Please set down each of the lines below once more, exactly, omitting all pictures.

[Data provided — start]

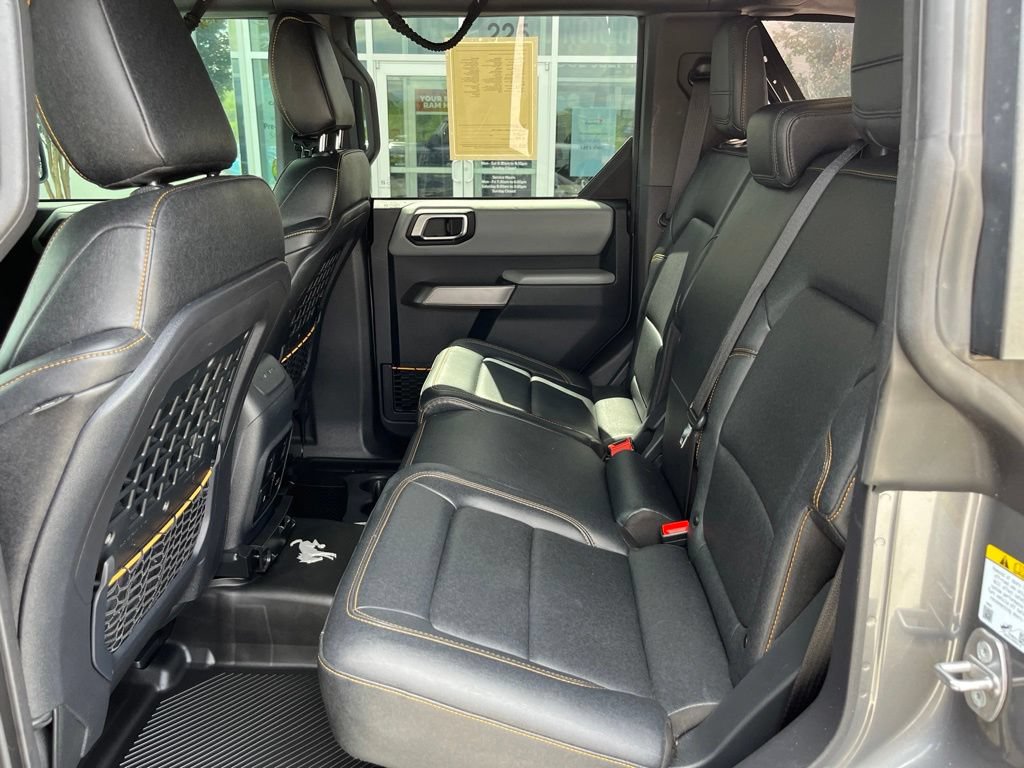 Used 2023 Ford Bronco Badlands w/ Sasquatch Package AWD/4WD image 13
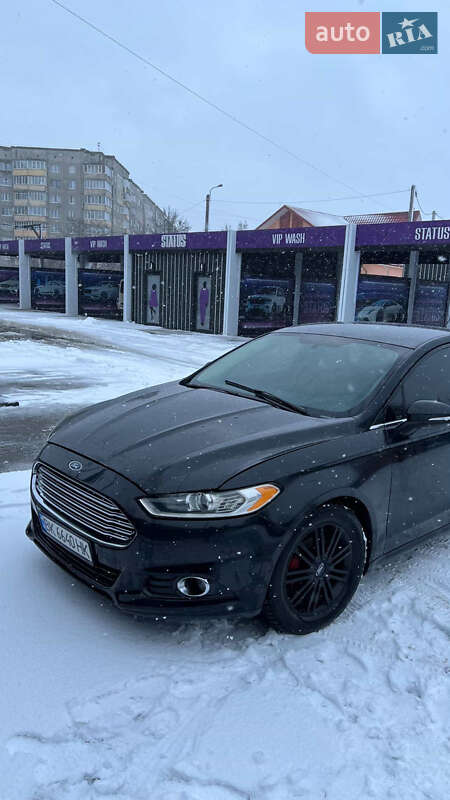 Седан Ford Fusion 2013 в Рівному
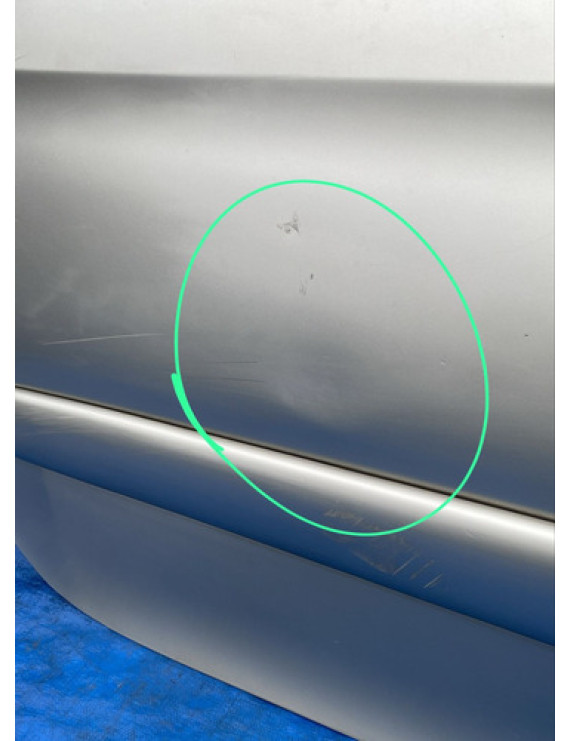 Porta Traseira Direita Xsara Picasso 2001 A 2012 Detalhe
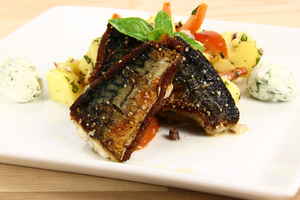Skindstegt makrel med marineret kartoffelsalat, billede 4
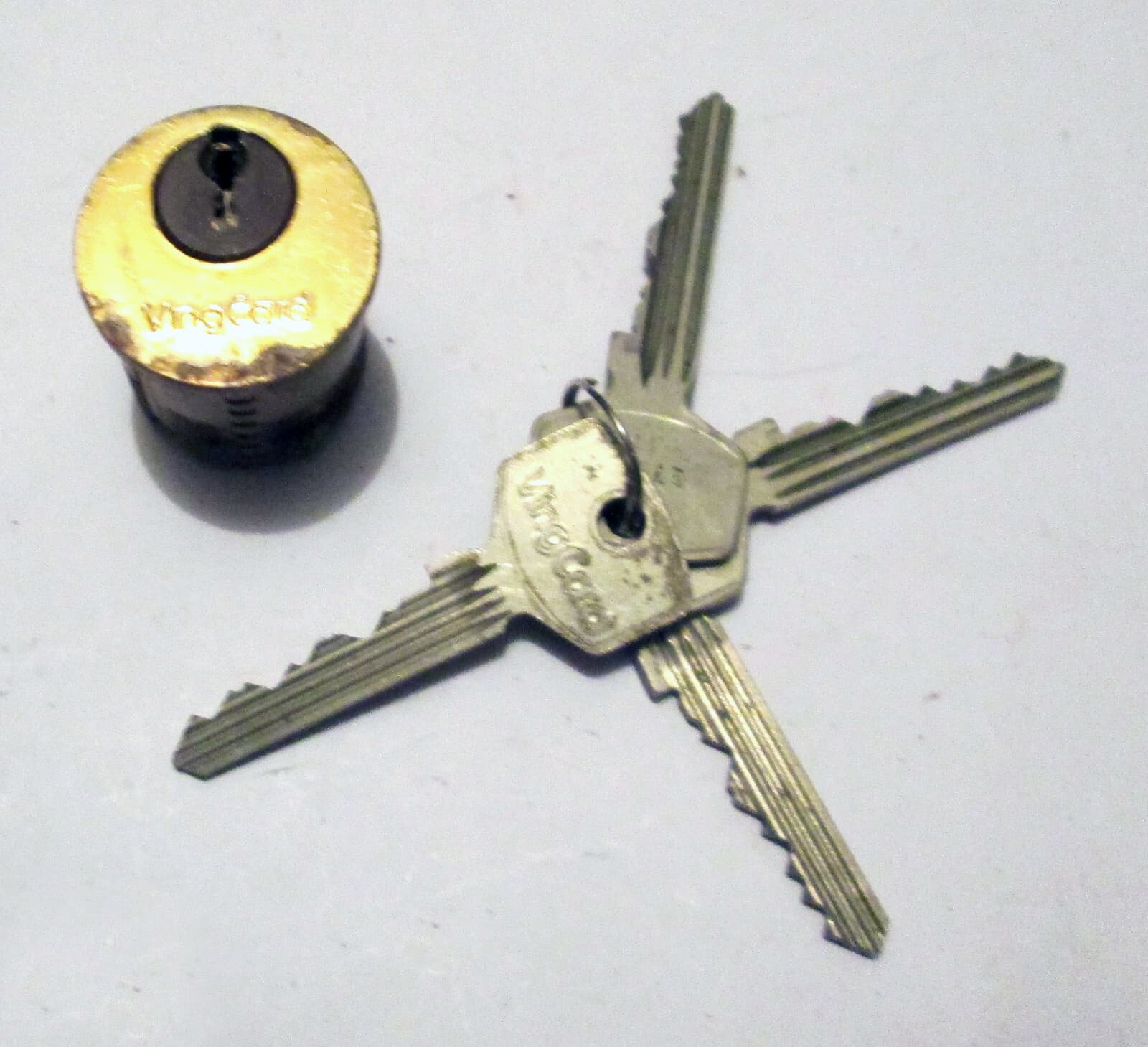 TrioVing VingCard 7-Pin Cylinder Lock with 4 Keys VING CARD TRIO-VING TRIOVING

[Data provided — finish]

## Output below:
 Used 2023 Ford Bronco Badlands w/ Sasquatch Package AWD/4WD image 13
 Седан Ford Fusion 2013 в Рівному
 Porta Traseira Direita Xsara Picasso 2001 A 2012 Detalhe
Skindstegt makrel med marineret kartoffelsalat, billede 4
 TrioVing VingCard 7-Pin Cylinder Lock with 4 Keys VING CARD TRIO-VING TRIOVING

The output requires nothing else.